The report was the culmination of a week-long public relations campaign to mark the first anniversary of the elections that brought the Labor Party to power.

The book, presented to President Ezer Weizman, boasts of the government’s achievements, noting that for the first time in years, unemployment in Israel is going down.

The report also applauds the government’s foreign policy and handling of the Middle East peace process.

The opposition has been furious over the anniversary effort, criticizing not only the government’s chutzpah to boast about its own successes — which the opposition disputes — but also the government’s use of public funds to print the glossy report.

Rafael Eitan, leader of the right-wing Tsomet party, even went so far as to ask the Central Elections Committee to intervene, charging that the pamphlet’s publication violated election laws.
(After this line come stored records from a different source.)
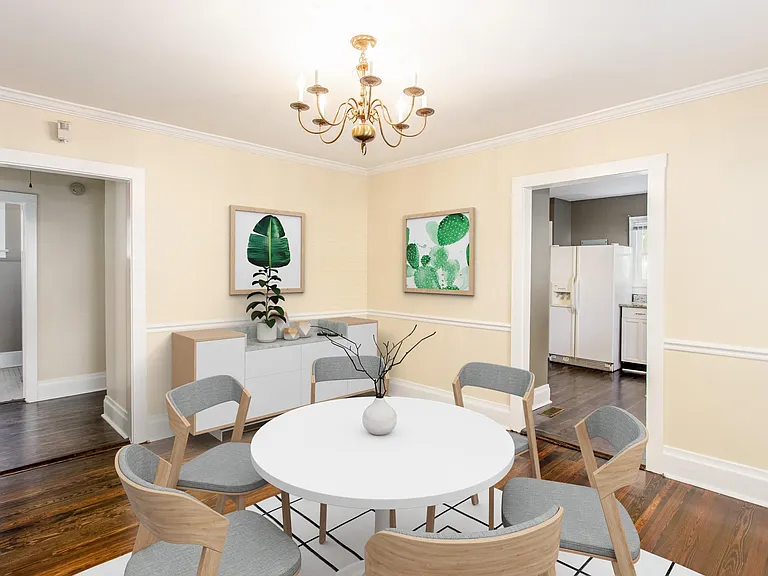1002 Center St NW #B — Photo 8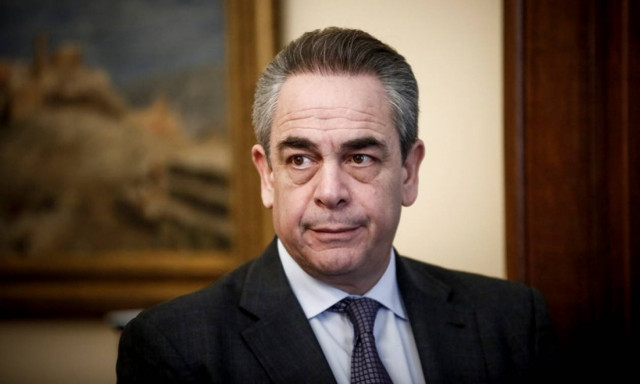 Μίχαλος: Να γίνουν διαρθρωτικές παρεμβάσεις για να είναι βιώσιμη η ανάπτυξη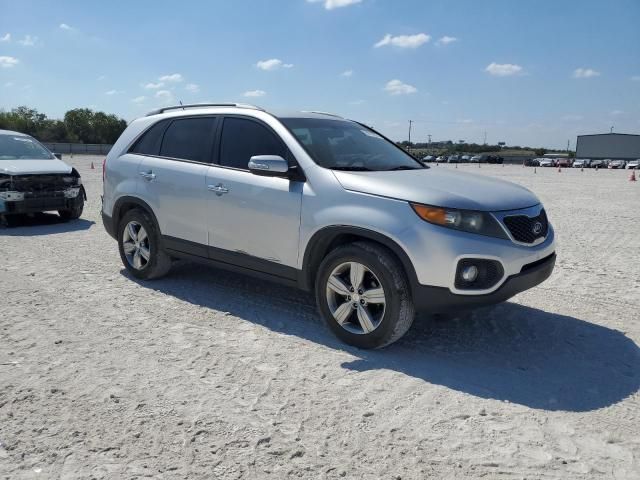 2013 KIA Sorento EX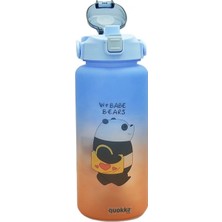  quokka matara (suluk) life bear 2 litre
But despite the protests, the celebrations went on undisturbed. On Sunday, Rabin hosted a party for 160 in the garden of his official residence, inviting ministers, Knesset members and senior officials.

The prime minister was in an exceptionally good mood, thanking guests for their contributions to the government’s achievements and apologizing for his comment, when he took office, that he would have the beginnings of a Palestinian autonomy plan in place within “six to nine months.”

Rabin said he had created too much hope prematurely by those remarks.

LIKUD PREPARES ITS OWN REPORT

After the speeches were over and there was little food left to serve, Rabin strolled over to President Weizman and handed him the report.

According to the pamphlet, Israel’s foreign policy has succeeded in four major areas: the multilateral peace talks, which will mold the shape of the region in the aftermath of a settlement; the signing of trade agreements with the European countries; the opening of eight new diplomatic missions in the former Soviet Union; and the implementation of massive reform in the foreign service.

The Likud party, for its part, has not sat idle during this week of government self-congratulation. To counter Rabin’s pamphlet, it has published its own 47-page report cataloguing the “disappointments” in the government’s first year.

Likud has stressed that all of the achievements the government has pointed to — such as major development of roads and junctions — were actually initiated by the Likud government before Rabin took power.

And not to be outdone by Rabin, Likud leader Benjamin Netanyahu went to see the president on Monday to present Weizman with his pamphlet, titled “A Year of Disappointments.”

Rabin did not take too kindly to Netanyahu’s move and tried to prevent Weizman for seeing Netanyahu, claiming it would be unstatesmanlike of the president.